Abstract

Background: Eukaryotic cells express a complex layer of noncoding RNAs. An intriguing family of regulatory RNAs
includes transcripts from the opposite strand of protein coding genes, so called natural antisense transcripts (NATs).
Here, we test the hypothesis that antisense transcription triggers RNA interference and gives rise to endogenous
short RNAs (endo-siRNAs).
Results: We used cloned human embryonic kidney cells (HEK293) followed by short RNAseq to investigate the
small genic RNA transcriptome. 378 genes gave rise to short RNA reads that mapped to exons of RefSeq genes. The
length profile of short RNAs showed a broad peak of 20-24 nucleotides, indicative of endo-siRNAs. Collapsed reads
mapped predominantly to the first and the last exon of genes (74%). RNAs reads were intersected with sequences
occupied by RNAPII or bound to Argonaute (AGO1 by crosslinking, ligation, and sequencing of hybrids, CLASH). In the first exon, 94% of the reads correlated with RNAPII occupancy with an average density of 130 (relative units); this decreased to 65%/20 in middle exons and 54%/12 in the last exon. CLASH reads mapping to multi-exon genes
showed little distribution bias with an average of about 5 CLASH reads overlapping with 60% of the endo-siRNA
reads. However, endo-siRNAs (21-25 nt) intersecting with CLASH reads were enriched at the 5′end and decreased
towards the 3′end.
We then investigated the 378 genes with particular focus on features indicative for short RNA production; however,
found that endo-siRNA numbers did not correlate with gene structures that favor convergent transcription. In
contrast, our gene set was found notably over-represented in the NATsDB sense/antisense group as compared to
non-overlapping and non-bidirectional groups. Moreover, read counts showed no correlation with the steady-state
levels of the related mRNAs and the pattern of endo-siRNAs proved reproducible after an induced mutagenic insult.
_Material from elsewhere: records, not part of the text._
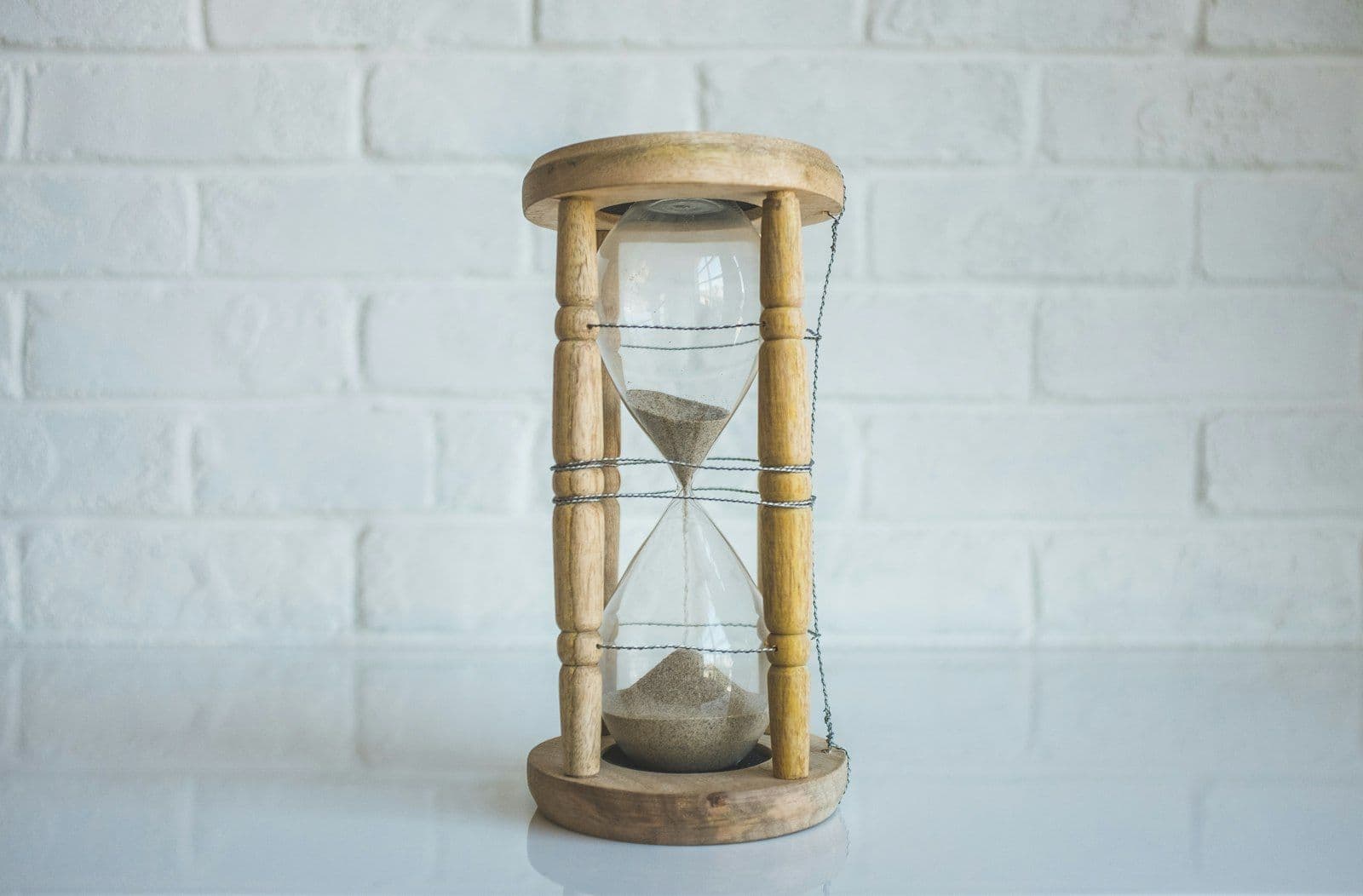 Hourglass on a desk, illustrating how long negative information stays on a credit report.
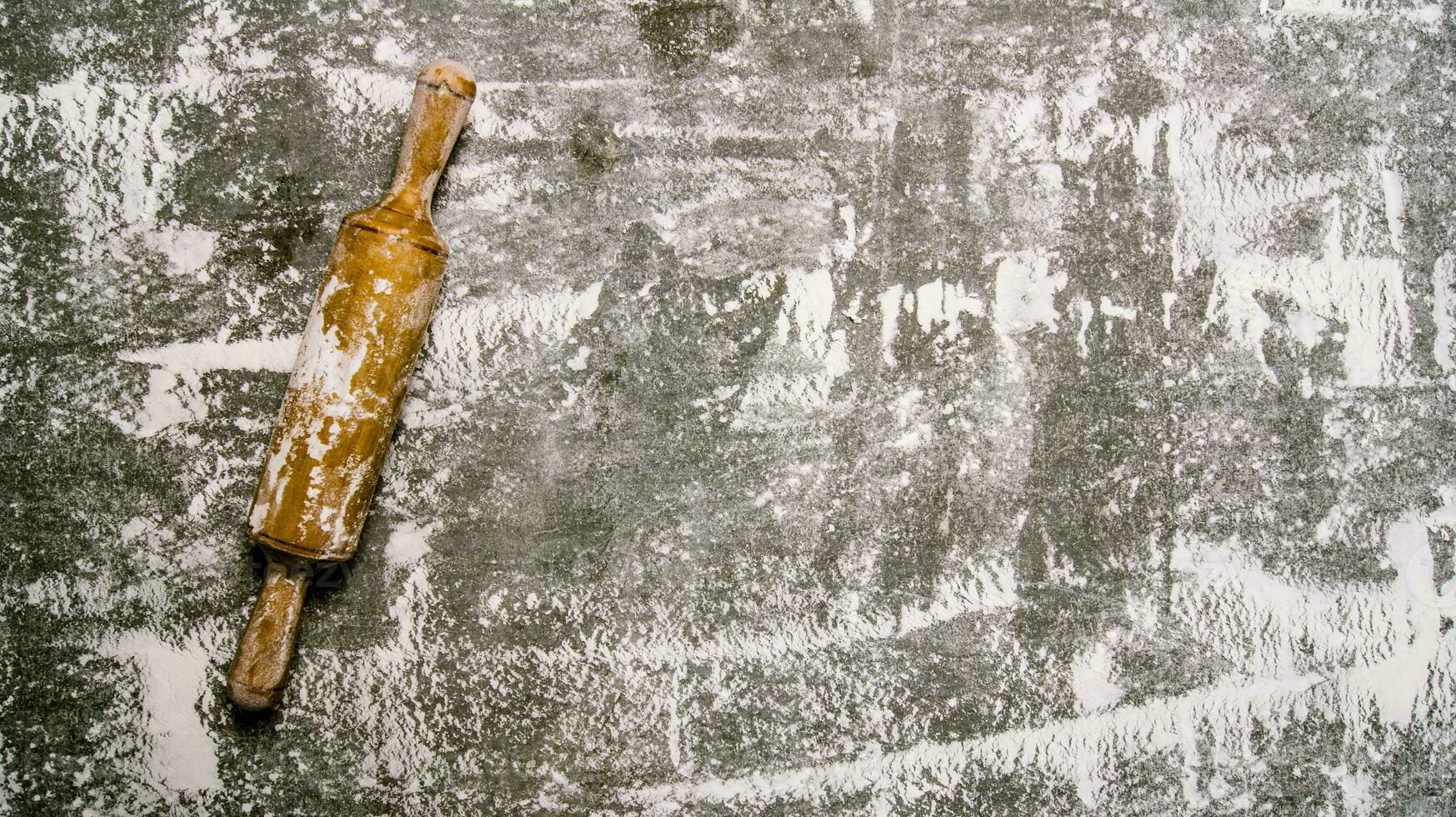 Baking background with a rolling pin with flour. photo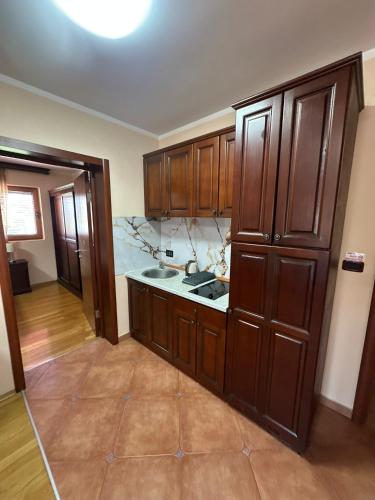 a kitchen with wooden cabinets and a counter top at Villa Roselina By Beatrix in Budva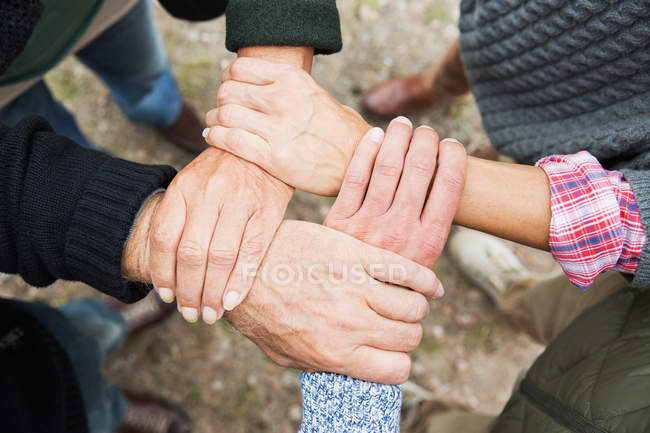 Four people touching hands, high angle — Stock Photo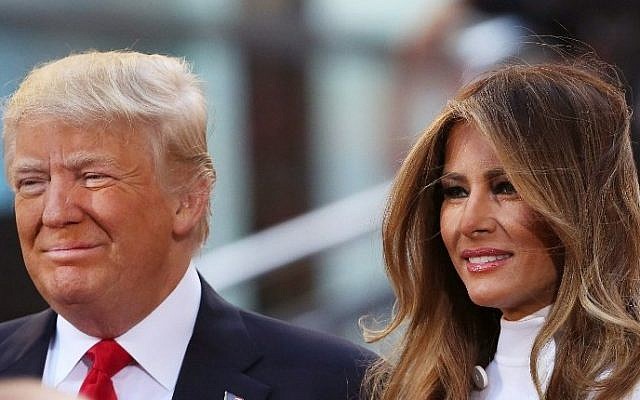Republican presidential candidate Donald Trump sits with his wife Melania Trump while appearing at an NBC Town Hall at the Today Show on April 21, 2016 in New York City. (Spencer Platt/Getty Images/AFP)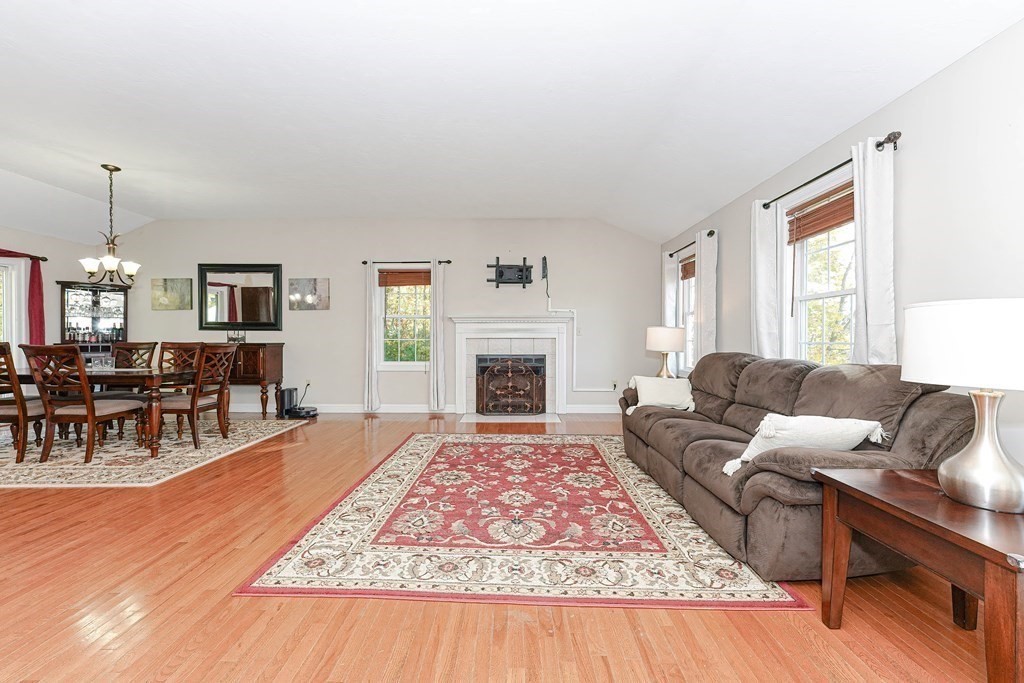 71 Snake Hill Road Ayer, MA 01432 - Photo 8 of 36 a living room with furniture and a fireplace
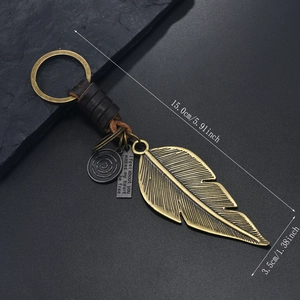 Macro view of vintage bronze feather keychain with leather wrap and size measurements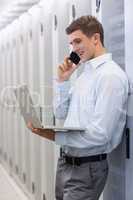 Smiling technician phoning and using his notebook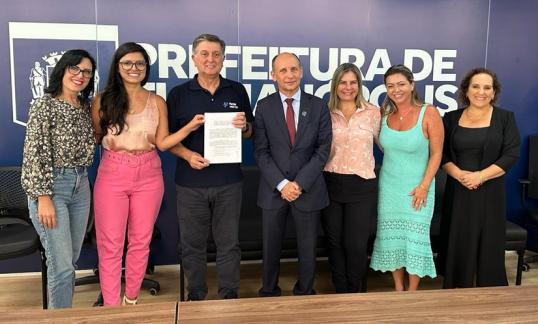 Grupo de pessoas, a maioria mulheres, posa para a foto segurando um documento em papel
Conclusions: Our results suggest that antisense transcripts contribute to low levels of endo-siRNAs in fully differentiated human cells. A characteristic endo-siRNA footprint is being produced at sites of RNAPII transcription which is also relatedto AGO1. This endo-siRNA signature represents an intriguing finding and its reproducibility suggests that the production of endo-siRNAs is a regulated process with potential homoeostatic impact.